Navigating Property Investment Through SMSFs: Key Considerations for Legal Compliance

An increasing number of investors are choosing to acquire property through their Self-Managed Super Funds (SMSFs). While this can be a sound strategy, it’s crucial to seek professional advice to ensure compliance with Australia’s superannuation laws. Here are key factors to consider before making the move:

  1. Sole Purpose Test: The primary goal of any SMSF property investment must be to provide retirement benefits. Using the property for personal reasons, like vacations or renting to family members, would breach this rule.

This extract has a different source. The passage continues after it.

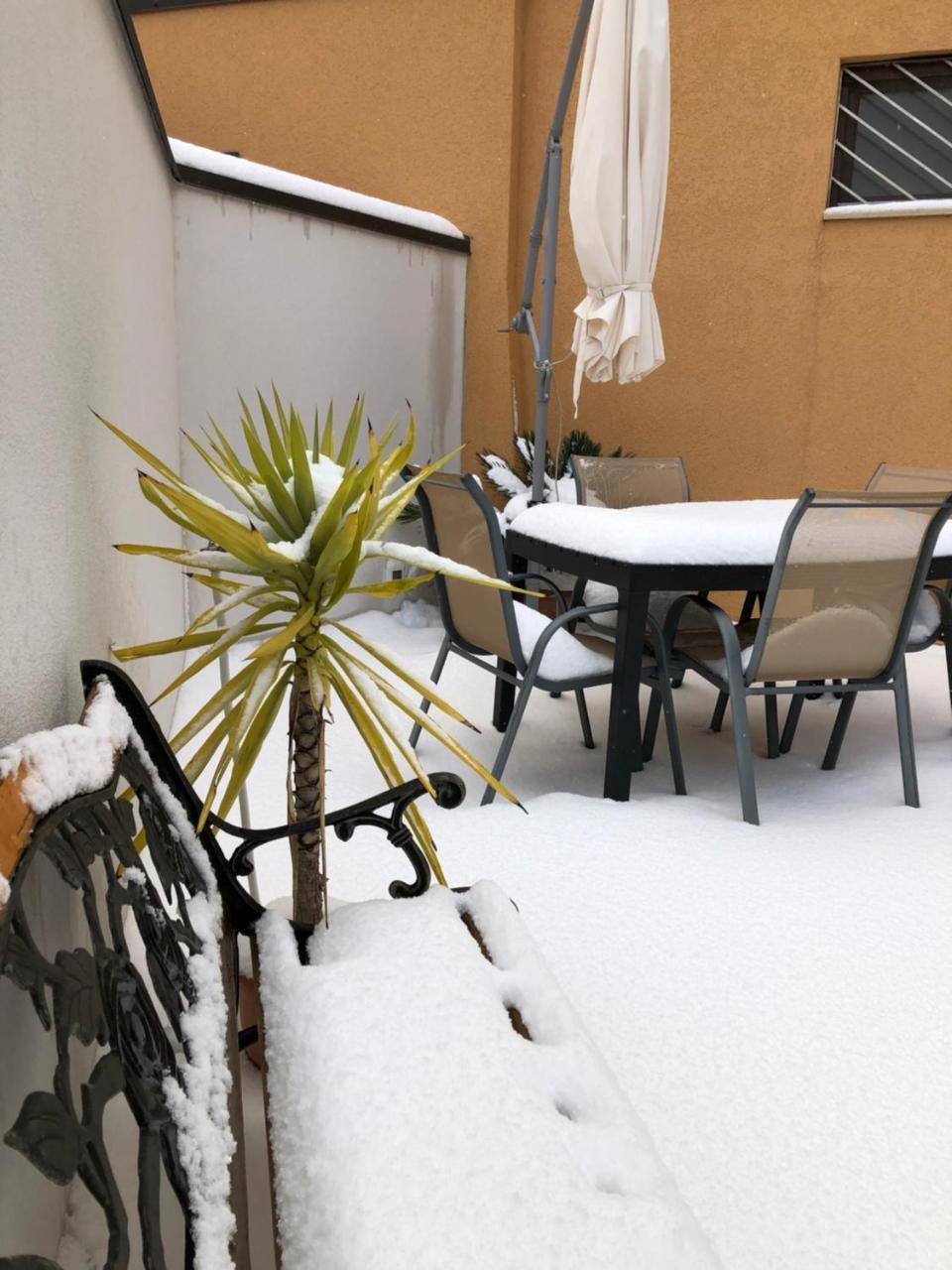 Hotel Etna Vintage Linguaglossa Zewnętrze zdjęcie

  2. Arm’s Length Transaction: All property acquisitions through an SMSF must be conducted at true market value. Failing to follow this could result in penalties and breaches of superannuation laws.

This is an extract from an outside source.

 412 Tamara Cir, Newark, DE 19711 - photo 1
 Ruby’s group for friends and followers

  3. Restrictions on Property Types: SMSFs can acquire residential or commercial properties, but residential properties must be bought from unrelated parties and cannot be used by SMSF members or their families. Commercial properties face fewer restrictions.
  4. Funding: If your SMSF has enough funds, you can purchase property outright. If borrowing is necessary, it must be done through a limited recourse borrowing arrangement (LRBA) and may involve setting up a bare trust. Given the complexity of these transactions, professional advice is essential.

Investing in property via an SMSF has its benefits but requires careful navigation of regulations. If you’re considering this route, get legal advice to help you make informed decisions.